Was Pavarotti und Paprika verbindet

rnFoodsharing in Werne

In Werne stehen zwei Kisten, an denen sich jeder bedienen darf. Prall gefüllt mit Lebensmitteln. Wo die herkommen und was mit ihnen geschieht, haben wir uns von echten Lebensmittel-Rettern erklären lassen.

von Andrea Wellerdiek

Werne

, 19.06.2018, 05:45 Uhr / Lesedauer: 3 min

Eine Paprika, Rhabarber, kiloweise Kartoffeln, ein Glas Apfelmus, Bananen und Süßigkeiten – Pavarotti hat heute einiges zu bieten. Er fängt Lebensmittel auf, die eigentlich im Müll landen sollten. Pavarotti ist eine simple Kiste.

„Viele Lebensmittel werden einfach arglos weggeworfen und woanders hungern Menschen“, sagt Karina Psoch. Die 37-Jährige wollte das ändern und hat sich als sogenannte Foodsharing-Botschafterin angemeldet. Sie und 32.000 andere Ehrenamtler retten in Deutschland, Österreich und der Schweiz noch genießbare Lebensmittel, um sie mit anderen zu teilen (daher der englische Name Foodsharing). Um sie fair zu teilen. Dafür gibt es Fair-Teiler-Stationen. Die erste in Werne steht vor dem Haus von Karina Psoch. Es ist eine Box für Gartenmöbel-Auflagen. Psoch hat sie Pavarotti getauft – einfach, weil der Name gut klingt.
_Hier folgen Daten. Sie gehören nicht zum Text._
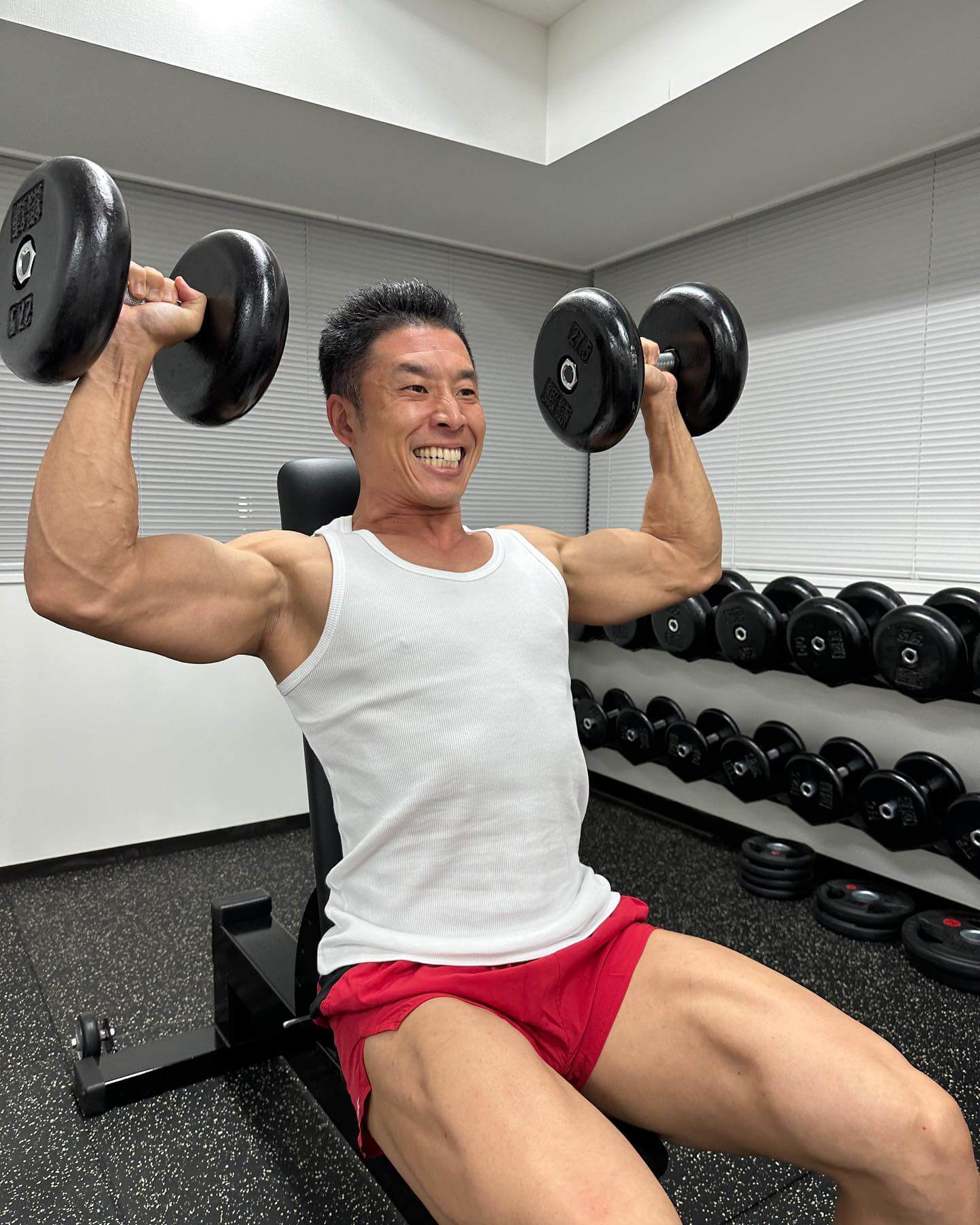 なかやまきんに君の投稿が話題に！ファンはツッコミ「椅子、無いんかーい！！」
Pavarotti hat einiges zu bieten: Obst, Gemüse, Kartoffeln, Süßigkeiten. Es sind noch verzehrbare Lebensmittel, die der Handel aussortiert hat oder etwa ein Landwirt, der sein Lager für neu geerntete Kartoffeln leer räumen musste. Die Lebensmittel-Retter Nancy Bubel, Inga Schneider, Karina Psoch und Sabrina Berloger (v.l.) freuen sich auf Abnehmer.

Pavarotti hat einiges zu bieten: Obst, Gemüse, Kartoffeln, Süßigkeiten. Es sind noch verzehrbare Lebensmittel, die der Handel aussortiert hat oder etwa ein Landwirt, der sein Lager für neu geerntete Kartoffeln leer räumen musste. Die Lebensmittel-Retter Nancy Bubel, Inga Schneider, Karina Psoch und Sabrina Berloger (v.l.) freuen sich auf Abnehmer. © Andrea Wellerdiek

Foodsaver rücken aus

Die Regeln sind ganz einfach: „Es kommen nur Sachen in die Kiste, die man selber noch essen würde“, sagt Mitstreiterin Inga Schneider und zeigt auf die Bananen. „Sie sind zwar etwas braun. Aber man kann sie noch essen. Nur verkaufen kann man sie nicht.“ Deshalb dürfen die Foodsaver (zu deutsch: Lebensmittelretter) die Ware mitnehmen.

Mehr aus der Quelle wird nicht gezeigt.